Title: What is supply chain management?
Post by: Monirul Islam on July 30, 2018, 12:59:26 PM
Supply chain management (SCM) enables enterprises to source the raw materials or components needed to create a product or service and deliver that product or service to customers. The six components of SCM include:

Planning—Enterprises need to plan and manage all resources required to meet customer demand for their product or service. They also need to design their supply chain and then determine which metrics to use in order to ensure the supply chain is efficient, effective, delivers value to customers, and meets enterprise goals.
Sourcing—Companies must choose suppliers to provide the goods and services needed to create their product. After suppliers are under contract, supply chain managers use a variety of processes to monitor and manage supplier relationships. Key processes include ordering, receiving, managing inventory, and authorizing supplier payments.
Making—Supply chain managers coordinate the activities required to accept raw materials, manufacture the product, test for quality, package for shipping, and schedule for delivery. Most enterprises measure quality, production output, and worker productivity to ensure the enterprise creates products that meet quality standards.

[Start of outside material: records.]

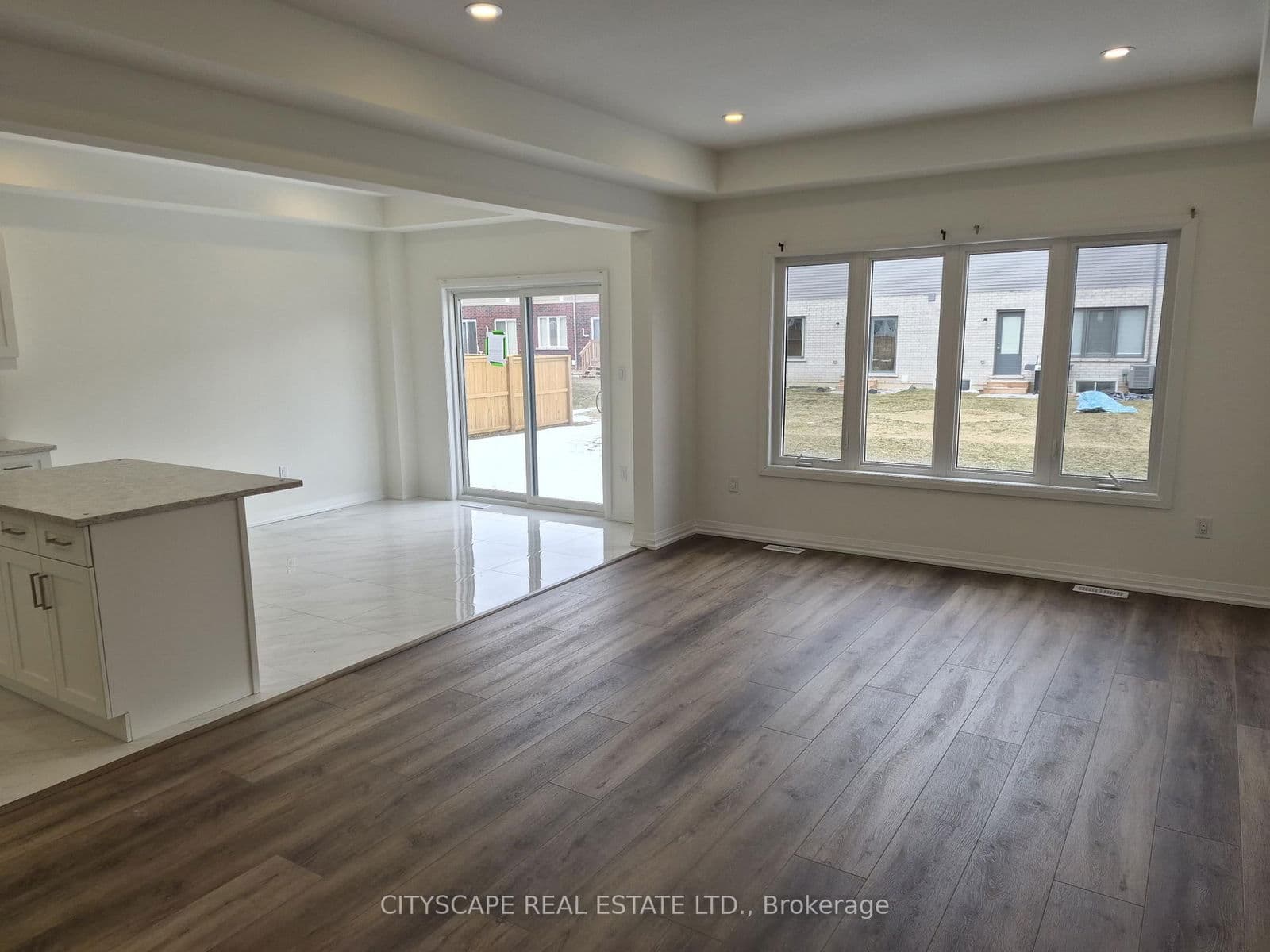 Att/Row/Townhouse at 7 Saffron Way, Pelham, ON - Photo 12 - RE/MAX Garden City Realty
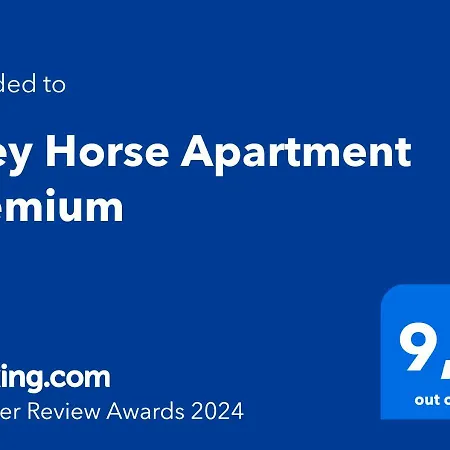 Grey Horse Premium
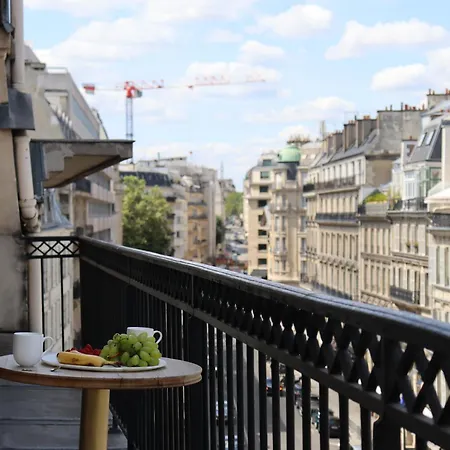 Luxueux Avec Balcon, Champs Elysees Paris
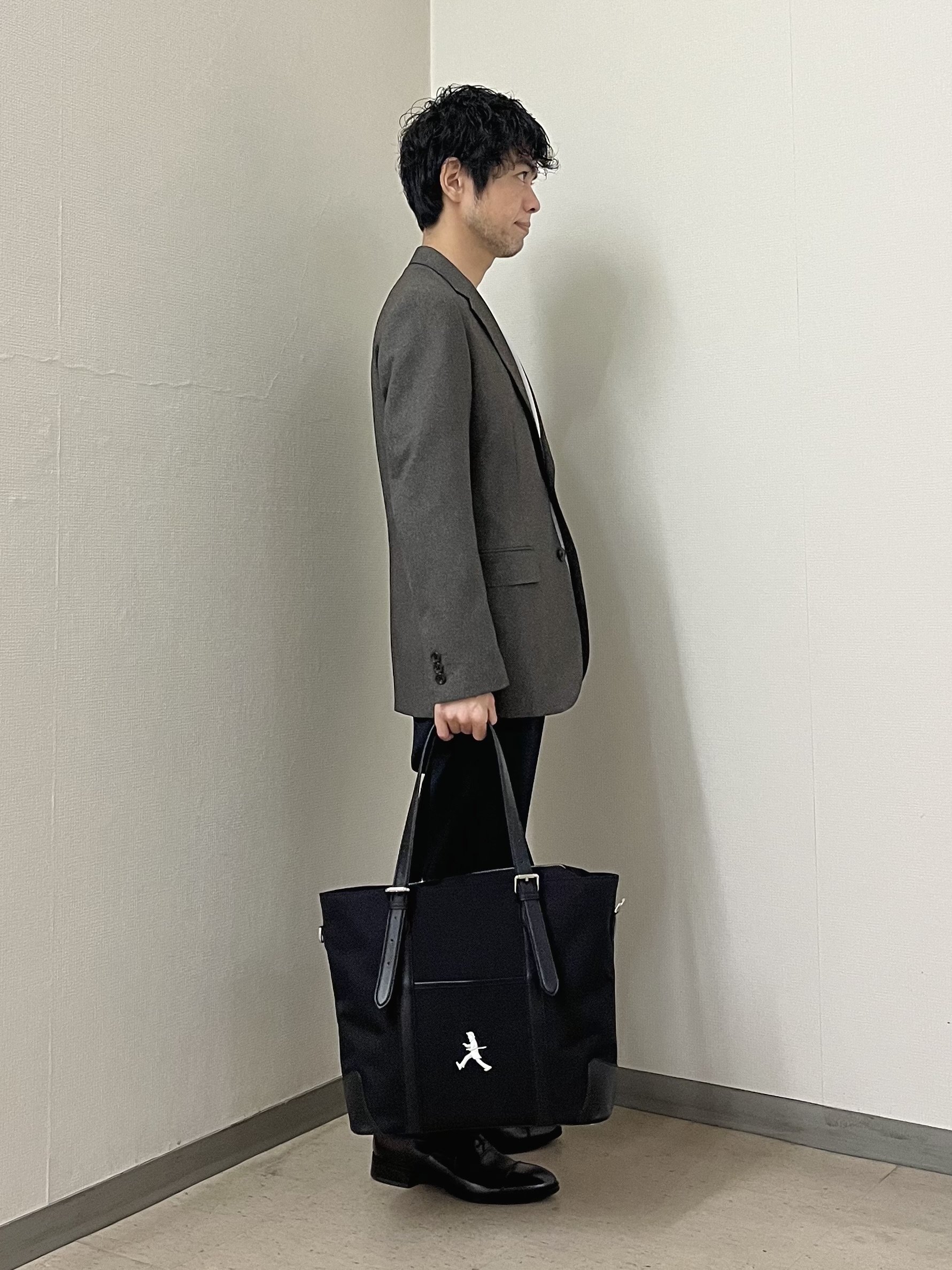 URAさんの「TAKEO KIKUCHI｜ウールライクキャットフット ジャケット」を使ったコーディネート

Delivering—Often called logistics, this involves coordinating customer orders, scheduling delivery, dispatching loads, invoicing customers, and receiving payments. It relies on a fleet of vehicles to ship product to customers. Many organizations outsource large parts of the delivery process to specialist organizations, particularly if the product requires special handling or is to be delivered to a consumer's home.
Returning—The supplier needs a responsive and flexible network to take back defective, excess, or unwanted products.  If the produce is defective it needs to be reworked or scrapped.  If the product is simply unwanted or excess it needs to be returned to the warehouse for sale.
Enabling—To operate efficiently, the supply chain requires a number of support processes to monitor information throughout the supply chain and assure compliance with all regulations. Enabling processes include finance, HR, IT, facilities, portfolio management, product design, sales, and quality assurance.